While for the most part, pairs of fluorophores will be used, there can be
situations where up to four different, usually not more than three
different, fluorophores bound to the same backbone may find use. By using
more fluorophores, one may greatly extend the Stokes shift, so that one
may excite in the visible wavelength range and emit in the infra-red
wavelength range, usually below about 1000 nm, more usually below about
900 nm. Detecting light in the infra-red wavelength range has many
advantages, since it will not be subject to interference from Raman and
Rayleigh light resulting from the excitation light. In order to maintain
the mobility constant, one may use the same number of fluorophores on the
labels, having a multiplicity of the same fluorophore to match the number
of fluorophores on labels having different fluorophores for the large
Stokes shift.
The subject invention finds particular application with nucleic acid
chains, where the nucleic acid chains find use as primers in sequencing,
the polymerase chain reaction, particularly for sizing, or other system
where primers are employed for nucleic acid extension and one wishes to
distinguish between various components of the mixture as related to the
particular labels. For example, in sequencing, universal primers may be
employed, where a different pair of fluorophores are used for each of the
different dideoxynucleosides used for the extension during sequencing.
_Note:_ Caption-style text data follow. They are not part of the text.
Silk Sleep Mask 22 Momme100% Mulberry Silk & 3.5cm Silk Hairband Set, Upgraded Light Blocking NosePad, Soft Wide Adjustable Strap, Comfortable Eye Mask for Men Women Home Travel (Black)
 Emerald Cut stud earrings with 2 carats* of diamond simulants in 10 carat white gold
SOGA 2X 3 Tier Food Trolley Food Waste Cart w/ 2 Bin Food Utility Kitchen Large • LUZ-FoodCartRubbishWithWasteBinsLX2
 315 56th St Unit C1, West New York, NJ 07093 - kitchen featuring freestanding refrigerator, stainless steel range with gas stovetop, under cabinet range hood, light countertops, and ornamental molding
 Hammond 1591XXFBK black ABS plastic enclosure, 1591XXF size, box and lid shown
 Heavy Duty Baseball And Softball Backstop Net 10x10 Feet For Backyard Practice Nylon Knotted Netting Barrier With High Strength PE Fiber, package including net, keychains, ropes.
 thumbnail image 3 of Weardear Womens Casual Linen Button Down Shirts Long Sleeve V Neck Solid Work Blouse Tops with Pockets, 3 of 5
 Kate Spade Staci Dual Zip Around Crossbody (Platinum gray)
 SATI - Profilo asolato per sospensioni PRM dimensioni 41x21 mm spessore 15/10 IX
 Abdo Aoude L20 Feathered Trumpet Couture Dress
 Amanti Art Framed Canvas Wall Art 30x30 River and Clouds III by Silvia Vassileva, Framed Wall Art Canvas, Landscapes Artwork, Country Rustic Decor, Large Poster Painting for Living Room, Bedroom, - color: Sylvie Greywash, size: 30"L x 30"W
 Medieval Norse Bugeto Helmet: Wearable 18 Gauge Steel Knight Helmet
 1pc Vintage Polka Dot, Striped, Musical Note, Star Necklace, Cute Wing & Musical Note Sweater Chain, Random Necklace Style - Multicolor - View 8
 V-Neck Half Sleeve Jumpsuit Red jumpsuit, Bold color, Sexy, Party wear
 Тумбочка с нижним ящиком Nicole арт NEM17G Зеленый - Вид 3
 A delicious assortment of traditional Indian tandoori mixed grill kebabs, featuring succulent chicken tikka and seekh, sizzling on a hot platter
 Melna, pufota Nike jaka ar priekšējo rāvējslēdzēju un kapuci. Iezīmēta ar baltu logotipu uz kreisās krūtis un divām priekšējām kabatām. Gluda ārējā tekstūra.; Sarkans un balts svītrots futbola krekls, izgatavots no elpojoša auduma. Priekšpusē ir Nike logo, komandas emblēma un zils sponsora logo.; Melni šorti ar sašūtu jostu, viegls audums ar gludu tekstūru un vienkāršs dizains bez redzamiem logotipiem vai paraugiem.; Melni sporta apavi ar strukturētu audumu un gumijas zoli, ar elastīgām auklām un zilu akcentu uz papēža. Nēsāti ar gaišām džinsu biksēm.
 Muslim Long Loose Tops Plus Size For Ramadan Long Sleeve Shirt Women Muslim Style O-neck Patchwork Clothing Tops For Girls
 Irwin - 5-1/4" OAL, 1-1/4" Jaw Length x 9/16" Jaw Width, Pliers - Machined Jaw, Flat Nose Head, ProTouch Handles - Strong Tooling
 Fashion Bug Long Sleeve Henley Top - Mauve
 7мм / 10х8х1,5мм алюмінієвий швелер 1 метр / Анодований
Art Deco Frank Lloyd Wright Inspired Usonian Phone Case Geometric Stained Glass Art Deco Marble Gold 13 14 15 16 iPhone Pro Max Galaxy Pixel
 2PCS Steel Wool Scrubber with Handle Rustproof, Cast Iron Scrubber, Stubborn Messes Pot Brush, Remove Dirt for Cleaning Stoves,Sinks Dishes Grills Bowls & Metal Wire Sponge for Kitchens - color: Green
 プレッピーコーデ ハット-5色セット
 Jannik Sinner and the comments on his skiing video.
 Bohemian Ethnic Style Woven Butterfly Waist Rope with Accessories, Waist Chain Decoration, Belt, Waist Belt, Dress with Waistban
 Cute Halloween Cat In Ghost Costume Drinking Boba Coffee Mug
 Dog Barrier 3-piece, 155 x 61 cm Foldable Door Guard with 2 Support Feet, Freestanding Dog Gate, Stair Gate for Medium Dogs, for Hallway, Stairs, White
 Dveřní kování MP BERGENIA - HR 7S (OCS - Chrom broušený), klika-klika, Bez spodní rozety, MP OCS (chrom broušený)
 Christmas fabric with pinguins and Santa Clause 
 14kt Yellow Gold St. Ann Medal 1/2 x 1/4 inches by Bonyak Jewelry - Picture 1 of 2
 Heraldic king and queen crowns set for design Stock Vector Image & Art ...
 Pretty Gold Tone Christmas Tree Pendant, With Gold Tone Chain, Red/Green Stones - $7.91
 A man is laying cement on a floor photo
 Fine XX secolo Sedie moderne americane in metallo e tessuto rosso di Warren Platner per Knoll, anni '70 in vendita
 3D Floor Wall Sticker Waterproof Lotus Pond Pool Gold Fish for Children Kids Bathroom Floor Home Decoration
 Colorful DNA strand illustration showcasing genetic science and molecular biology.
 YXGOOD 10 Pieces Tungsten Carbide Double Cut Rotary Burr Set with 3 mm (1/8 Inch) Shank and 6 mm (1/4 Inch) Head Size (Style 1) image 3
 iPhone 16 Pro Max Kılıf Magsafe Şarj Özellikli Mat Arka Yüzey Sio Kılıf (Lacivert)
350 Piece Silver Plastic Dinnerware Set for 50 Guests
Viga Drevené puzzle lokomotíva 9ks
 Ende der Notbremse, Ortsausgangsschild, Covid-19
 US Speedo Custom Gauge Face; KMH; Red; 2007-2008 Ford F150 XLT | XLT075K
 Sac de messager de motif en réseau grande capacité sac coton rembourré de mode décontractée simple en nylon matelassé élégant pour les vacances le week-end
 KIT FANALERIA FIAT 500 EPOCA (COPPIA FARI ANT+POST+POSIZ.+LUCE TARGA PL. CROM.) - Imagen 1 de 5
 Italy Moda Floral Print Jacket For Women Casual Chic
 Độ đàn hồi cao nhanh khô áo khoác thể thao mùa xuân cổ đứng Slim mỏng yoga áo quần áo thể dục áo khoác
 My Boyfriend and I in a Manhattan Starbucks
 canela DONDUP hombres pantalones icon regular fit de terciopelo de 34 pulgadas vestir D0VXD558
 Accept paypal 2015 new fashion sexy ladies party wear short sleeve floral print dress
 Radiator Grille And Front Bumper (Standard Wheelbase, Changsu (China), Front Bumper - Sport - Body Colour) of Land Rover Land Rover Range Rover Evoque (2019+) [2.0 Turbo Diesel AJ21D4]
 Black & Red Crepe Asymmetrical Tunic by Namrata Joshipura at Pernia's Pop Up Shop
A large number of nucleosides are available, which are functionalized, and
may be used in the synthesis of a polynucleotide. By synthesizing the
subject nucleic acid labels, one can define the specific sites at which
the fluorophores are present. Commercially available synthesizers may be
employed in accordance with conventional ways, so that any sequence can be
achieved, with the pair of fluorophores having the appropriate spacing.
Where different primers have been used in PCR, each of the primers may be
labeled in accordance with the subject invention, so that one can readily
detect the presence of the target sequence complementary to each of the
different primers. Other applications which may find use include
identifying isozymes, using specific antibodies, identifying lectins using
different polysaccharides, and the like.
As already indicated, the subject labels find particular use in sequencing.
For example, universal primers may be prepared, where the primer may be
any one of the universal primers, having been modified by bonding of the
two fluorophores to the primer. Thus, various commercial primers are
available, such as primers from pUC/M13, .lambda.gt10, .lambda.gt11, and
the like. See, Sambrook et al., Molecular Cloning: A Laboratory Manual,
2nd ed., CSHL, 1989, Section 13. DNA sequences are cloned in an
appropriate vector having a primer sequence joined to the sequence to be
sequenced. Different 2', 3' ddNTPs are employed, so that termination
occurs at different sites, depending upon the particular ddNTP which is
present in the chain extension. By employing the subject palmers, each
ddNTP will be associated with a particular label. After extension with the
Klenow fragment, the resulting fragments may then be separated in a single
lane by electrophoresis or in a single capillary by electrophoresis, where
one can detect the terminating nucleotide by virtue of the fluorescence of
the label.
One may also use the subject labels with immune complexes, where the
ligands or receptors, e.g. antibodies, may be labeled to detect the
different complexes or members of the complexes. Where the ligands may
have the same migratory aptitude in the method separation, to determine
the presence of one or more of such ligands, the different antibodies
could be labeled with the different labels fluorescing at different
wavelengths, so as to be detectable, even where there is overlap of the
compositions in the separation.
Kits are provided having combinations of labels, usually at least 2. Each
of the labels will have the acceptor-donor pair, usually with comparable
backbones, where the labels will be separated along the backbone to give
comparable mobility in the separation method to be used. Each of the
labels in a group to be used together will absorb at about the same
wavelength and emit at different wavelengths. Each of the labels in the
group will have about the same effect on mobility in the separation
method, as a result of the variation in placement of the different
fluorophores along the backbone.
The kits will generally have up to about 6, usually about up to about 4
different labels which are matching, but may have 2 or more sets of
matching labels, having 2-6 different labels.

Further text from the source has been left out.